» **TASK**: Copied exactly and without pictures, the lines from the beginning of the entries through the one that holds "Janasya Straight Magics" should form the entire reply.

Image-text web data
....

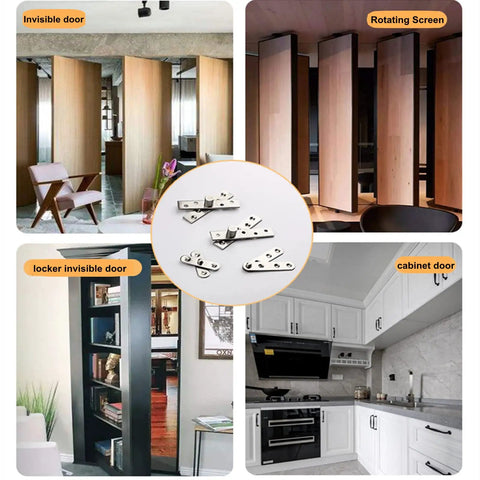 2 Pack Hidden Door Pivot Hinges Solid Stainless Steel Concealed Hinges For Bookcase And Secret Doors in various applications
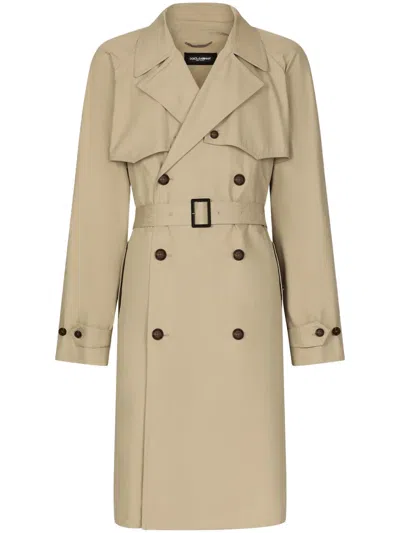Dolce & Gabbana Full Trench Coat In Neutral
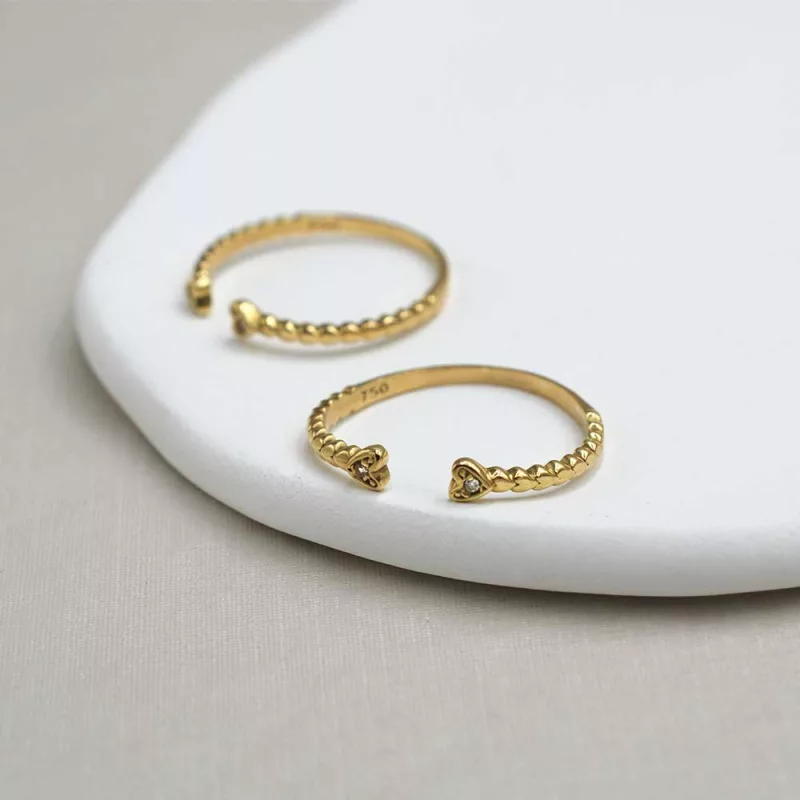 Anillo Dos Corazones Oro 18k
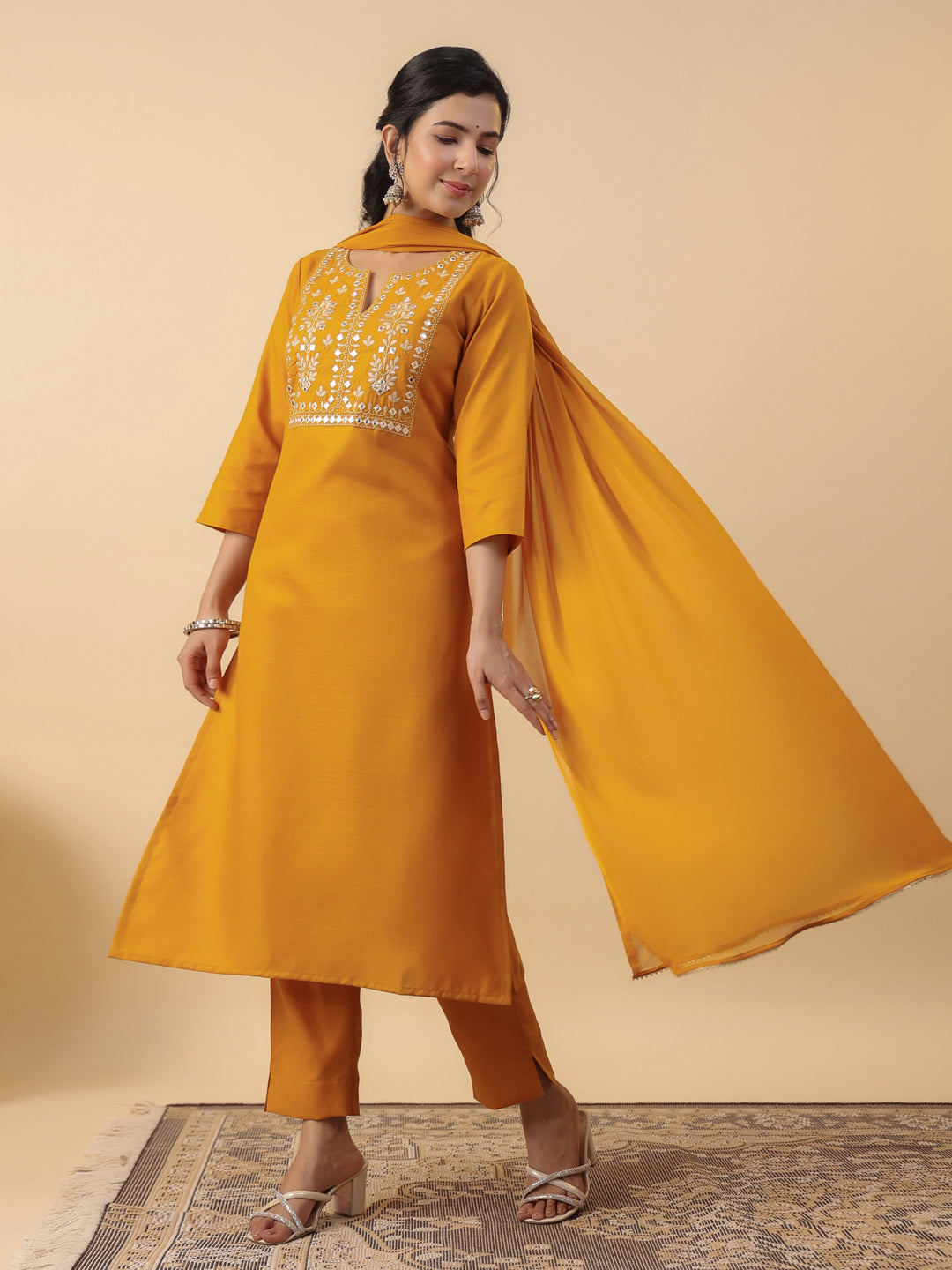 Janasya Straight Magics Slub Mustard Embroidered Notch Neck Kurta,Bottom & Dupatta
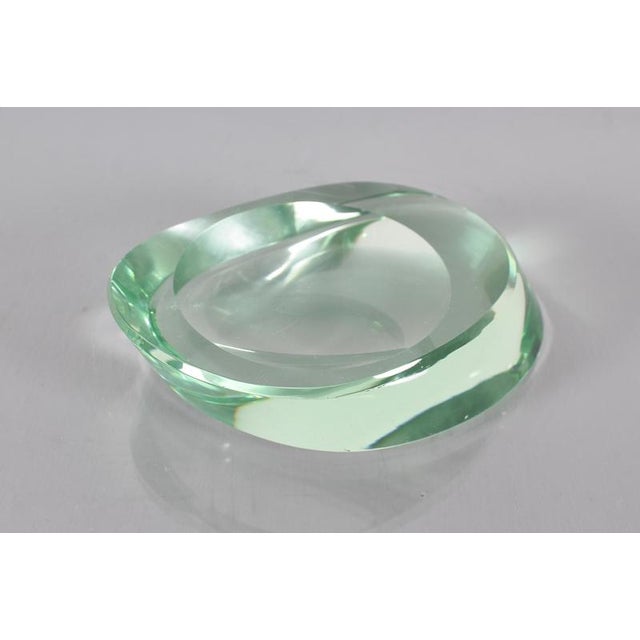 Green Mid-Century Fontana Arte Desk Set in Thick Nile Green Glass 50s Italy, 1950s, Set of 3 For Sale - Image 8 of 14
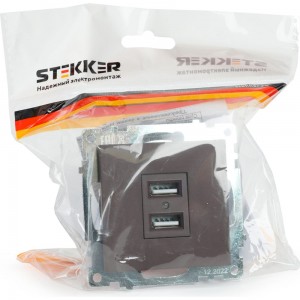 2-местная USB розетка (механизм) STEKKER GLS10-7115-04, 250B, 2,1А, серия Катрин, шоколад 49027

....

» **EXERCISE RESULT**:
 2 Pack Hidden Door Pivot Hinges Solid Stainless Steel Concealed Hinges For Bookcase And Secret Doors in various applications
Dolce & Gabbana Full Trench Coat In Neutral
 Anillo Dos Corazones Oro 18k
 Janasya Straight Magics Slub Mustard Embroidered Notch Neck Kurta,Bottom & Dupatta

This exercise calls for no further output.